> _YOUR TASK_
Down to the final line, write out the material beneath exactly, without pictures.

> _SOURCE DATA_

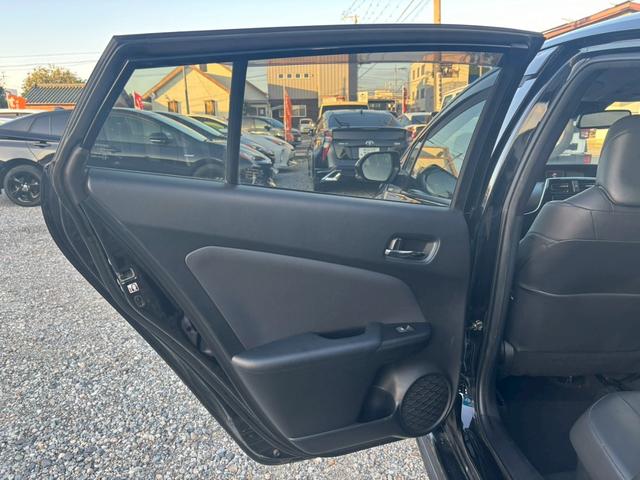 プリウス Ａツーリングセレクション　禁煙車　モデリスタフルエアロ　黒革シート　純正９型ナビ　Ｂｌｕｅｔｏｏｔｈ　バックカメラ　レーダークルーズコントロール　ブラインドスポットモニター　ＥＴＣ　シートヒーター　ツーリング１７インチアルミ（55枚目）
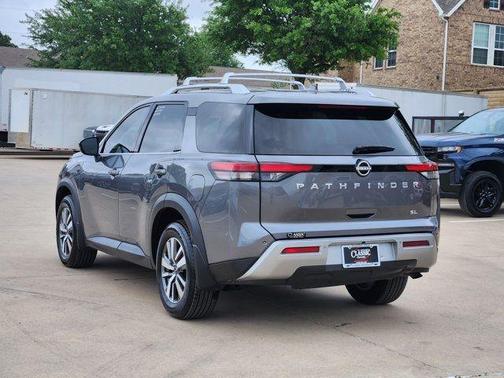 Gun Metallic 2024 Nissan Pathfinder SL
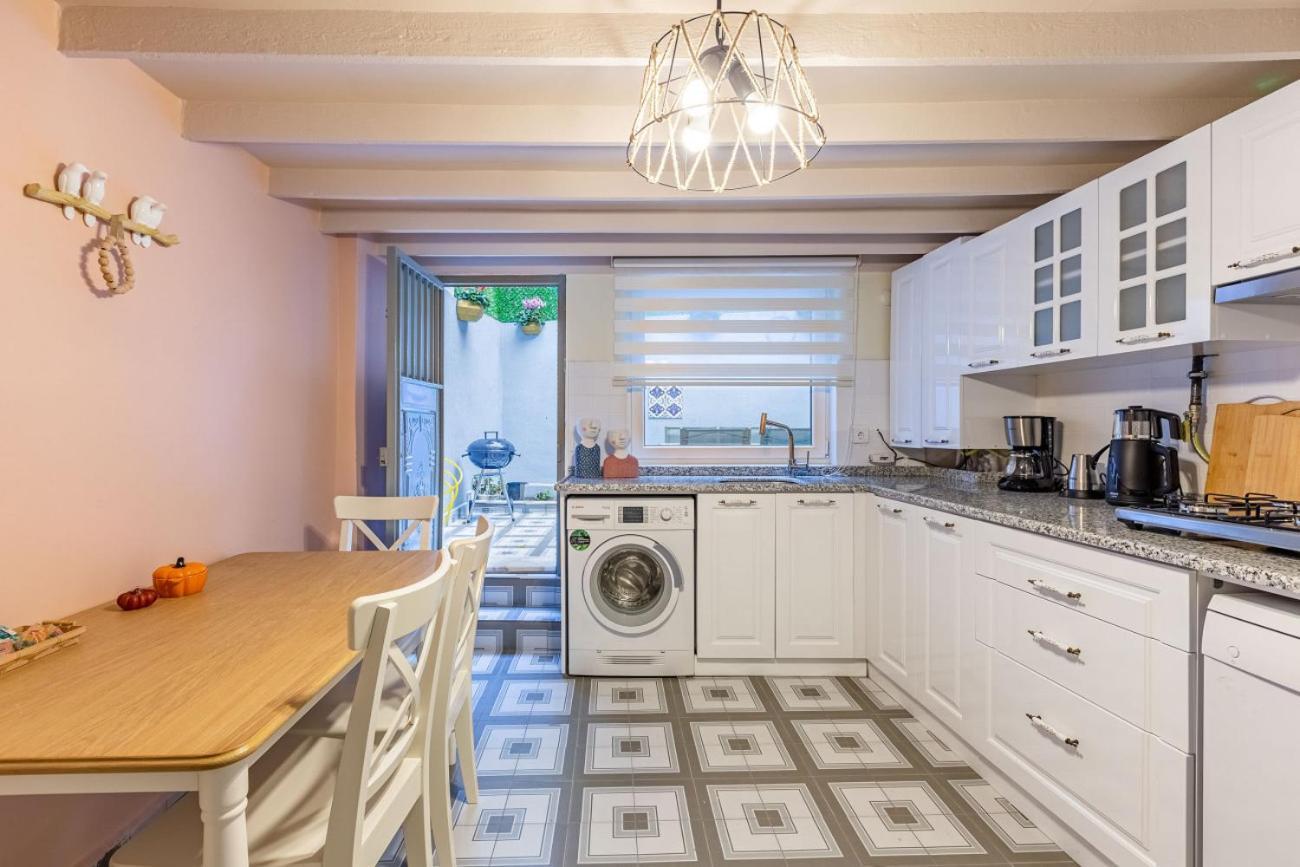 Apartment Gorgeous House With Refreshing Garden In Besiktas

> _ANSWER BELOW_
 プリウス Ａツーリングセレクション　禁煙車　モデリスタフルエアロ　黒革シート　純正９型ナビ　Ｂｌｕｅｔｏｏｔｈ　バックカメラ　レーダークルーズコントロール　ブラインドスポットモニター　ＥＴＣ　シートヒーター　ツーリング１７インチアルミ（55枚目）
 Gun Metallic 2024 Nissan Pathfinder SL
 Apartment Gorgeous House With Refreshing Garden In Besiktas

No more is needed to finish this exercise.